Le génie de la France
Dans son dernier livre, « Le génie de la France : le vrai sens de la laïcité » (parue en août 2021) Abdennour Bidar s’interroge sur la valeur républicaine de la fraternité et pose une question très actuelle : comment définir notre identité française ? Il démontre au fil des pages que la laïcité n’est pas seulement un cadre qui permettrait de « ne pas se taper dessus » entre croyants et non-croyants ou de permettre à différentes religions de coexister parmi les athées. Non, la laïcité selon lui, c’est beaucoup plus que cela. Elle est comme « un Temple vide » dont l’espace inoccupé ne serait pas synonyme de néant mais au contraire une sorte de vacuité féconde. Il voit dans l’idée française de laïcité une spiritualité qui pourrait être comparée au concept du « Divin absent » des religions orientales et extrême-orientales comme par exemple le bouddhisme ou le taoïsme.

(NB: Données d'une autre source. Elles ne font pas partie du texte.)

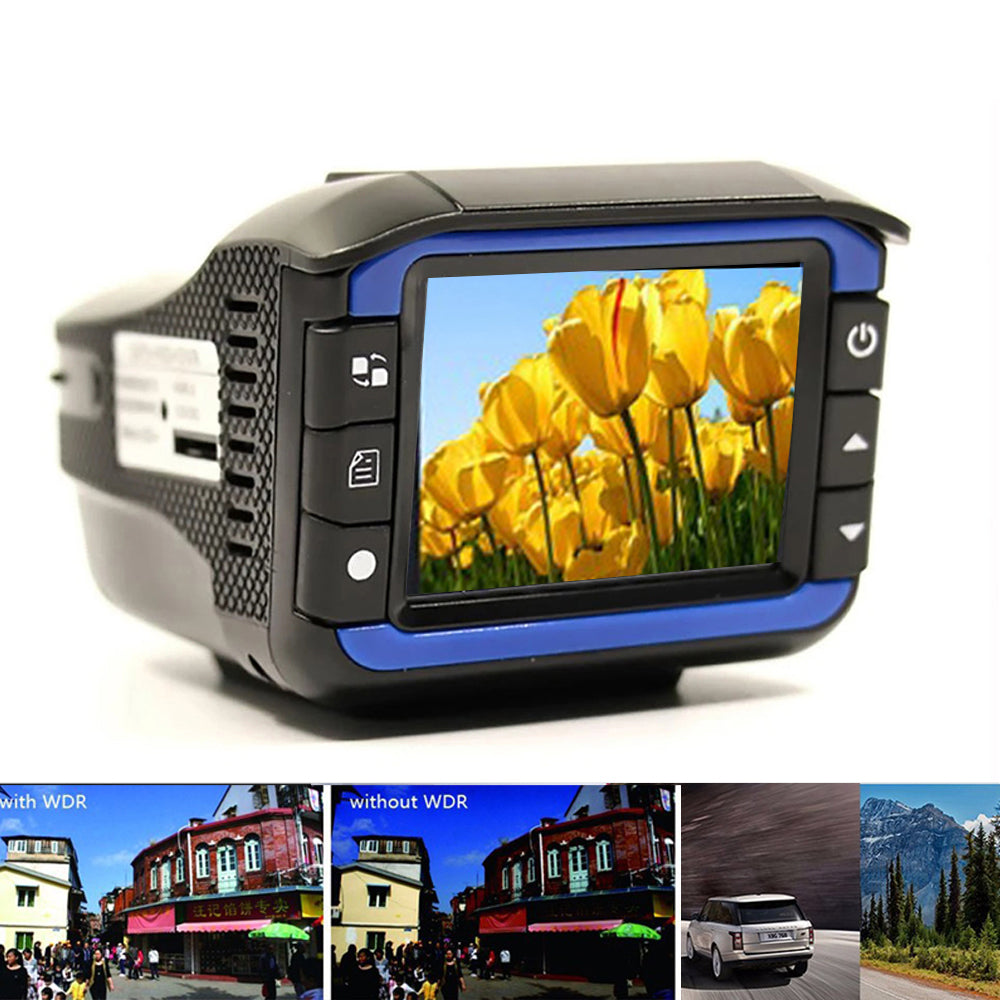 VGR-3 2-in-1 Dash Cam & Radar Detector – HD 720P Wide-Angle DVR with Full-Spectrum Alert System
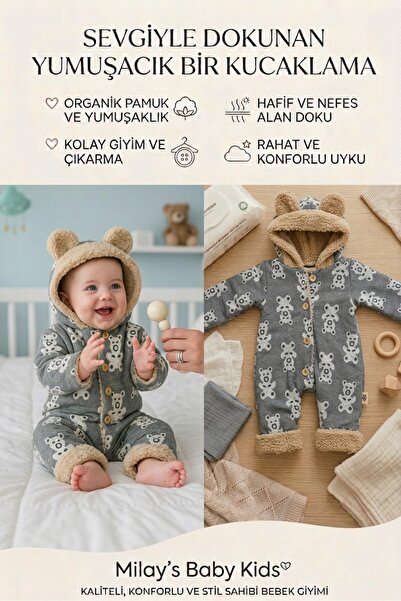 MİLAYS LİFE HOME COLLECTİON 0-3 Ay Erkek Bebek Içi Kuzu Astarlı Dışı Jakarlı ...
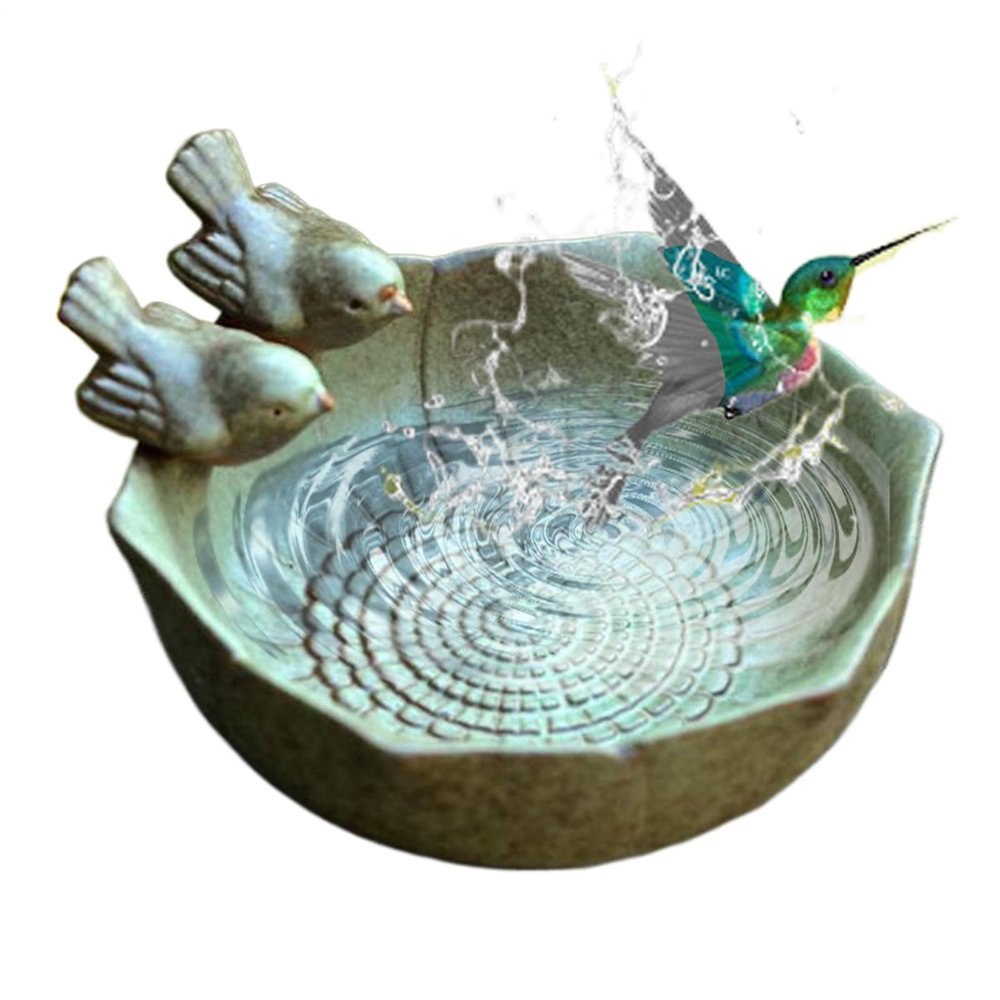 Ceramic Bird Bath Bowl, Multifunctional Artistic Garden Décor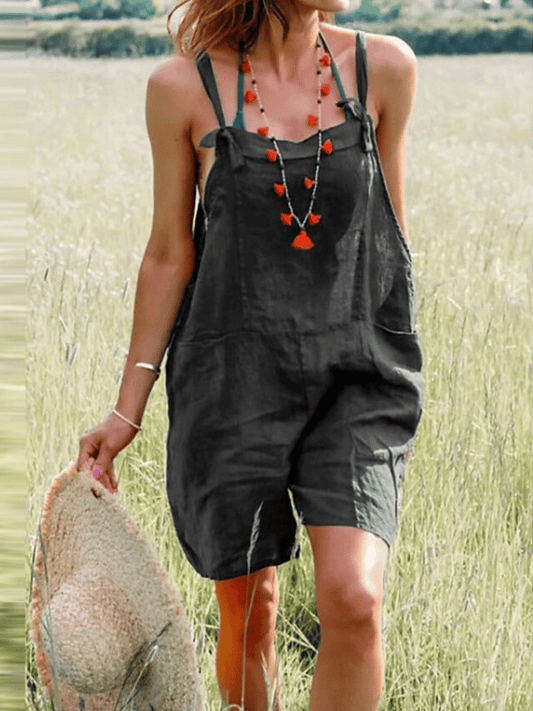 Women's Solid Color Printed Casual Suspender Shorts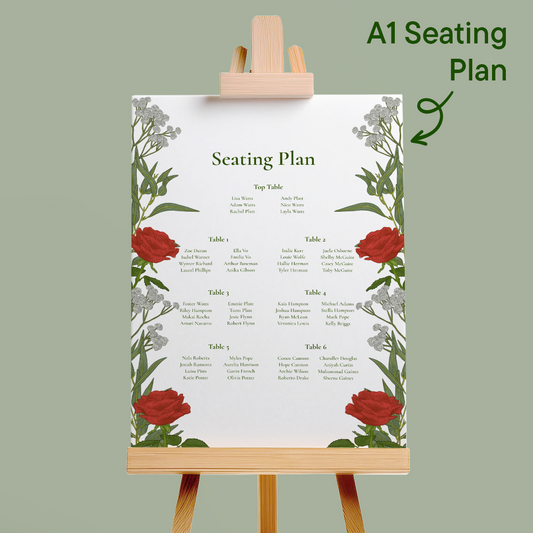 Red Roses Wedding Seating Plan *Digital*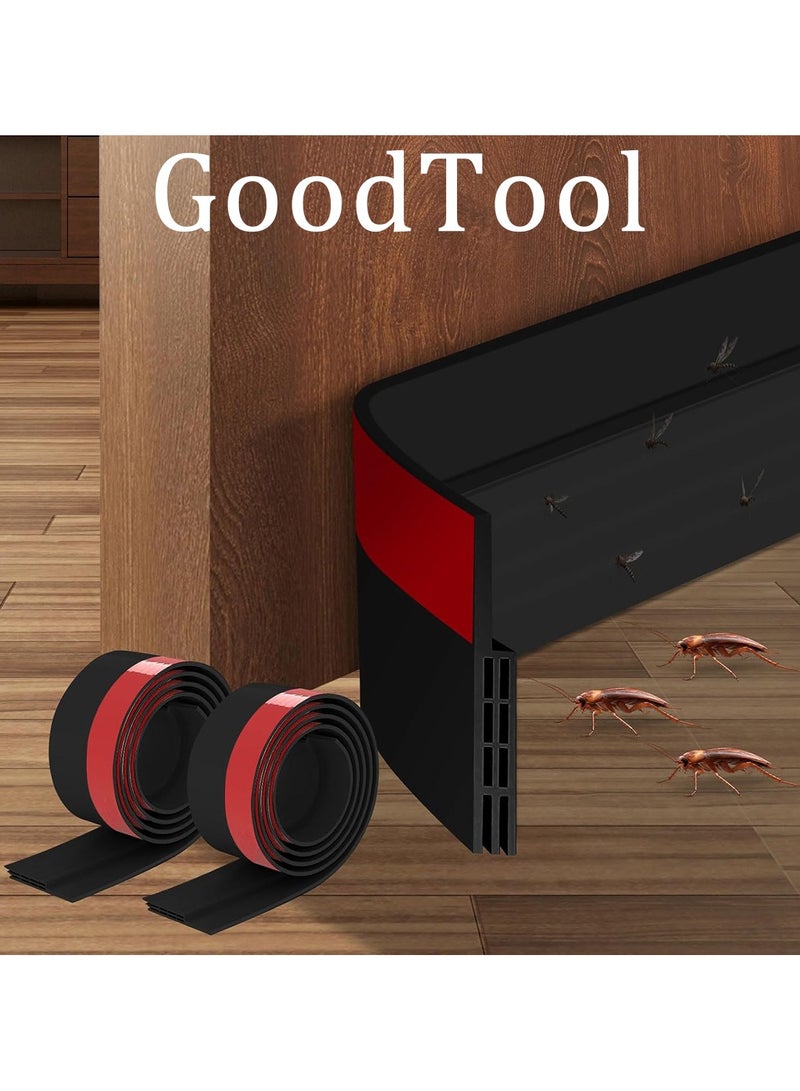 جود تول 2 عبوة مانع تسرب أسفل الباب اللاصق, ختم سفلي مطاطي عازل للصوت, واسعة وقوية, مناسب للأبواب الداخلية والخارجية، مقاوم للرياح والضوضاء، مقاوم للحشرات والقوارض - Image 1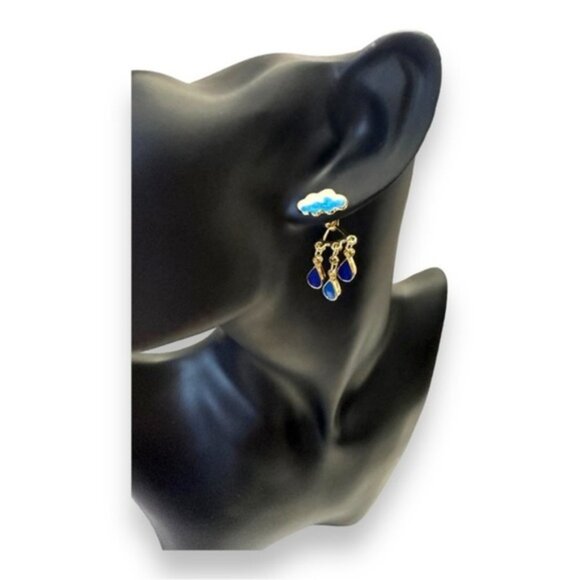 Rainy Day Cloud Peekaboo Earrings - Picture 3 of 5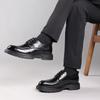 Men's business thick soled leather shoes Suit gentleman retro style Groom's wedding party Black brown Derby lace-up shoes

Cette spiritualité laïque n’est pas selon lui dépourvue de valeurs. Il les décline dans un livre paru en 2016, « Quelles valeurs enseigner et transmettre aujourd’hui ? ». L’auteur affirme que tous les Français pourraient considérer que la bonté, la compassion et la générosité font partie de nos valeurs. Par conséquent l’école pourrait (devrait) les enseigner et éduquer les enfants à les mettre en pratique, c’est-à-dire à les transformer en vertus. Parmi celles-ci, Abdennour Bidar ose parler d’humilité, de pardon, de gratitude, de rectitude, de fidélité, de pudeur, etc. Ces mots, provenant habituellement de la bouche des religieux, nous sommes étonnés de les lire et de les entendre de la part d’un haut fonctionnaire de l’Education nationale. (Abdennour Bidar est IGESR)
Avec Abdennour Bidar une brèche s’ouvre dans notre conception erronée de la laïcité. Celle-ci n’a jamais eu pour objectif de réduire à néant les croyances et les religions. Beaucoup de ses théoriciens ont tenté d’en rappeler le sens originel mais jusqu’à présent aucun n’avait osé en extraire autant de vertus et même un sens spirituel encore inexploré.
Self judaïsme
Le parcours d’Abdennour Bidar me touche personnellement car sa relation très libre à l’islam fait écho à ma relation au judaïsme même si bien sûr il y a d’énormes différences. Contrairement à Abdennour qui a grandi dans l’islam je n’ai pas grandi dans le judaïsme mais m’en suis approché depuis l’âge adulte jusqu’à me décider à faire mon guiour il y a trois ans. Me sentant « comme chez moi » dans les synagogues et en Israël il m’était apparu évident que mon cheminement depuis presque trente ans vers le judaïsme devait aboutir à une conversion et à l’alyah.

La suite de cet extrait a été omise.